|Flexible RT pad|
As a scientist, I like to predict what should happen before the data are actually collected. In the present blog post, I will describe some of the forthcoming articles so you have something to look forward to in 2016.
- A motor control / drawing task tutorial. Every now and then I get emails from people around the world concerning E-Prime. I don't work for PST, so I'm not sure why exactly people ask me, but I always imagine that if people take the time to ask me rather than the more obvious first choice (the very efficient and helpful PST helpdesk) there must be some urgency. Or perhaps it's my personable nature, but either way, I do try to answer these questions. Usually, they go like this: "This is probably a very easy question you can quickly answer, but...". They are rarely easy, or they might be easy if you're a coder in some other field: "I'd like to present a button throughout the experiment that, if clicked, will pause the experiment", but not necessarily in E-Prime. Accordingly, my "quick reply" more often than not takes about two pages of text. Anyway, one of the recurring questions I get asked is how to make a drawing / motor-control task. Luckily, I have some experience in developing these kinds of tasks, and indeed present one on my own website, but since the code was never meant to be clean, and since it requires a drawing tablet, I figured I could show a new version. More importantly, I just bought a Surface Pro 4, and it will be fun to see how well it runs E-Prime and what we can do with the pen.

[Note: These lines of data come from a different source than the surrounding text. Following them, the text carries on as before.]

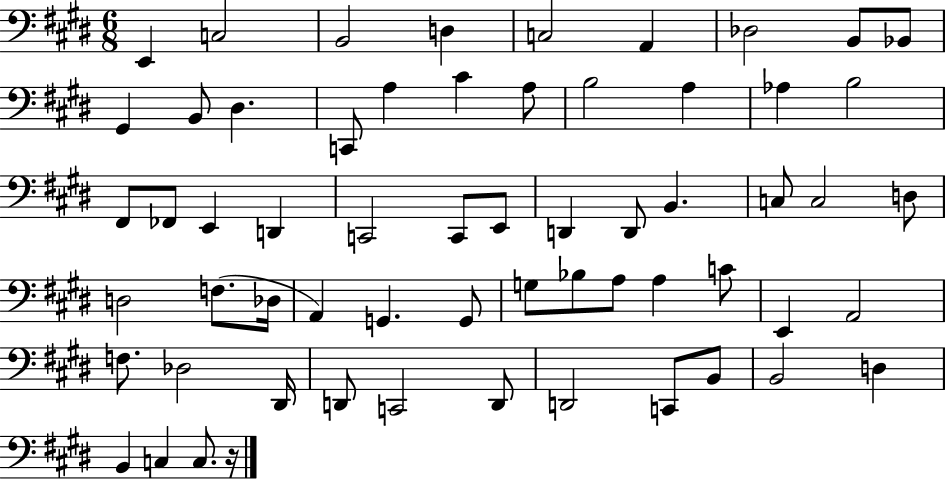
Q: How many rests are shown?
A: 1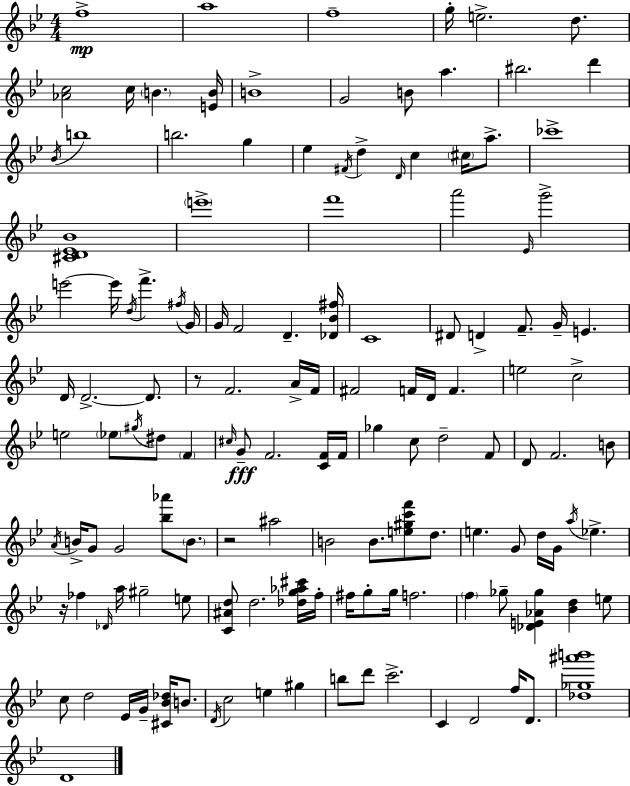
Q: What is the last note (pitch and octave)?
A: D4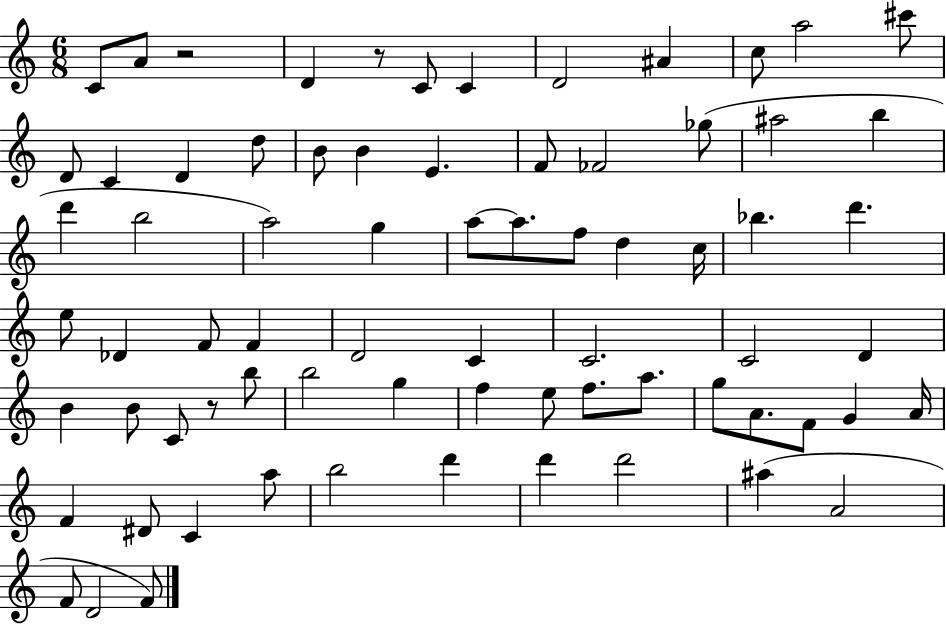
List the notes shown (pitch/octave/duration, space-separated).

C4/e A4/e R/h D4/q R/e C4/e C4/q D4/h A#4/q C5/e A5/h C#6/e D4/e C4/q D4/q D5/e B4/e B4/q E4/q. F4/e FES4/h Gb5/e A#5/h B5/q D6/q B5/h A5/h G5/q A5/e A5/e. F5/e D5/q C5/s Bb5/q. D6/q. E5/e Db4/q F4/e F4/q D4/h C4/q C4/h. C4/h D4/q B4/q B4/e C4/e R/e B5/e B5/h G5/q F5/q E5/e F5/e. A5/e. G5/e A4/e. F4/e G4/q A4/s F4/q D#4/e C4/q A5/e B5/h D6/q D6/q D6/h A#5/q A4/h F4/e D4/h F4/e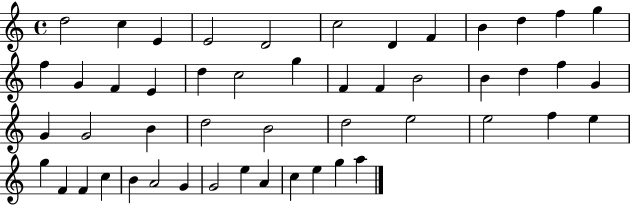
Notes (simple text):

D5/h C5/q E4/q E4/h D4/h C5/h D4/q F4/q B4/q D5/q F5/q G5/q F5/q G4/q F4/q E4/q D5/q C5/h G5/q F4/q F4/q B4/h B4/q D5/q F5/q G4/q G4/q G4/h B4/q D5/h B4/h D5/h E5/h E5/h F5/q E5/q G5/q F4/q F4/q C5/q B4/q A4/h G4/q G4/h E5/q A4/q C5/q E5/q G5/q A5/q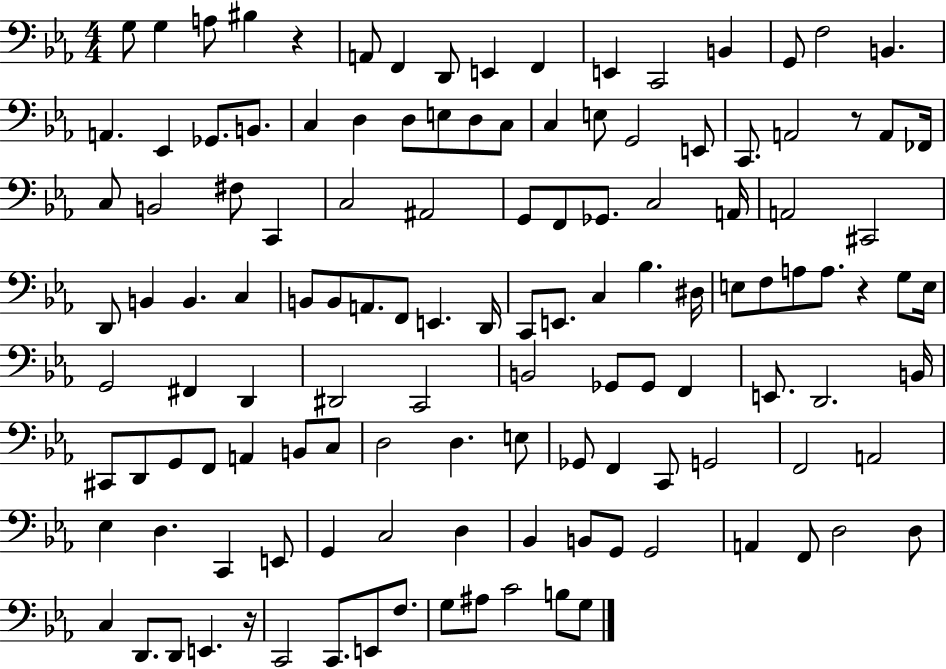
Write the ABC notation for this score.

X:1
T:Untitled
M:4/4
L:1/4
K:Eb
G,/2 G, A,/2 ^B, z A,,/2 F,, D,,/2 E,, F,, E,, C,,2 B,, G,,/2 F,2 B,, A,, _E,, _G,,/2 B,,/2 C, D, D,/2 E,/2 D,/2 C,/2 C, E,/2 G,,2 E,,/2 C,,/2 A,,2 z/2 A,,/2 _F,,/4 C,/2 B,,2 ^F,/2 C,, C,2 ^A,,2 G,,/2 F,,/2 _G,,/2 C,2 A,,/4 A,,2 ^C,,2 D,,/2 B,, B,, C, B,,/2 B,,/2 A,,/2 F,,/2 E,, D,,/4 C,,/2 E,,/2 C, _B, ^D,/4 E,/2 F,/2 A,/2 A,/2 z G,/2 E,/4 G,,2 ^F,, D,, ^D,,2 C,,2 B,,2 _G,,/2 _G,,/2 F,, E,,/2 D,,2 B,,/4 ^C,,/2 D,,/2 G,,/2 F,,/2 A,, B,,/2 C,/2 D,2 D, E,/2 _G,,/2 F,, C,,/2 G,,2 F,,2 A,,2 _E, D, C,, E,,/2 G,, C,2 D, _B,, B,,/2 G,,/2 G,,2 A,, F,,/2 D,2 D,/2 C, D,,/2 D,,/2 E,, z/4 C,,2 C,,/2 E,,/2 F,/2 G,/2 ^A,/2 C2 B,/2 G,/2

|The SRBox looked a bit like a 80s Volvo, |
the Chronos brings 90s Nintendo to mind.
- A review / tutorial of Chronos. The picture above shows my previous response box. I didn't even have the classic and much-beloved SRBOX, shame on me! However, the make-shift solution performed quite admirably, to be honest: the latency was reasonable for its purposes (the experiment did not require fast reactions), and the button configuration was supremely flexible, courtesy of the Jan-Rouke Scissor Hack (tm). That is, you don't want subjects to press this or that key? Grab scissors from your office stationary supply, stick one blade below the key and gently push the other side. Okay, perhaps the end result is a bit ghetto, but it does save you from having to worry about the subject accidentally pressing an entirely unrelated and unlogged key. For those who have a little bit more budget, however, PST recently released the Chronos, a veritable weapon of mass destruction when it comes to precision timing. Indeed, the word on the street is that it is so fast, so sub-millisecond, it can report on events that haven't even occurred yet! Forgive me, I'm mildly exaggerating due the anticipation, as it should finally arrive today, any minute now. It has been stuck in Finnish customs for over a month now - perhaps due to the holidays and the postal strike, or is it perhaps because a shady foreign package containing a "Chronos device" sounds so very ominous? Yes, dear Finnish mail, it does spell doom: to timing inaccuracy!